Now, let’s compare open source IP with Standardized IP.  Looking at the four criteria I proposed above for a true Standard, there is no reason why the specification of open source IP cannot be complete and/or unambiguous.  Of course, completeness and unambiguity is rarely a focus of open source developers.  However, neither criterion can be excluded a priori by the nature of open source.  Furthermore, most (if not all) open source “groups” have an ownership group—for example, Linus Torvalds still owns the core Linux.

The real difference between a Standard and open source IP lies in the “stability” criteria.  A Standard is by its very nature fixed until its owner(s) changes it. It is this stability that allows users to rely on the definition at the core of the Standard.  Open source IP, on the other hand, is by its very nature “open”. While there may be a core version owned by some group, the glory of open source IP is the fact that it may be modified and redistributed pretty much at will.

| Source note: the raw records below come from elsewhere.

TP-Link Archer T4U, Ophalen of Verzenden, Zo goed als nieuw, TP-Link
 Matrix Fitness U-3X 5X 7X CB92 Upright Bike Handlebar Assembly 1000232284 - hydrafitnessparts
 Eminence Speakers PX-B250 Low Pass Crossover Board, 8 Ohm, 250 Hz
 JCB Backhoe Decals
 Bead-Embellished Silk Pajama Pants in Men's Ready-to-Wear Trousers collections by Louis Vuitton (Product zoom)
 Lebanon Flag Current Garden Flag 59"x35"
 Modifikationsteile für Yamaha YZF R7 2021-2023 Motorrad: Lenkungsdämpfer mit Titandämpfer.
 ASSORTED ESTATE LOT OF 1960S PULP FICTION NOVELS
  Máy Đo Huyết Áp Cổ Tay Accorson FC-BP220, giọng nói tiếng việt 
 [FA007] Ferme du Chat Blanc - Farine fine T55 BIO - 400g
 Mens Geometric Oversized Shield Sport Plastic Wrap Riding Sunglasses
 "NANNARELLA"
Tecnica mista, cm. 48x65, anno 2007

There is an irreconcilable divide that has been drawn here. In short, any Standard that is allowed to be freely modified and redistributed, even if such modifications are required to be clearly identified, has its status as a “Standard” severely eroded.  Similarly, any purported open source IP, which does not allow free modification and redistribution, has missed fulfilling several critical open source criteria.

That is why I say that “open source Standard’ is an oxymoron.

In closing, I would point out that I have not addressed the issue as to whether non-open source software can ever itself be a Standard.  I also have not discussed why/when/how long software (open source or not) ought to accompany Standards as “reference implementations”.  These will all be addressed in later releases of this blog.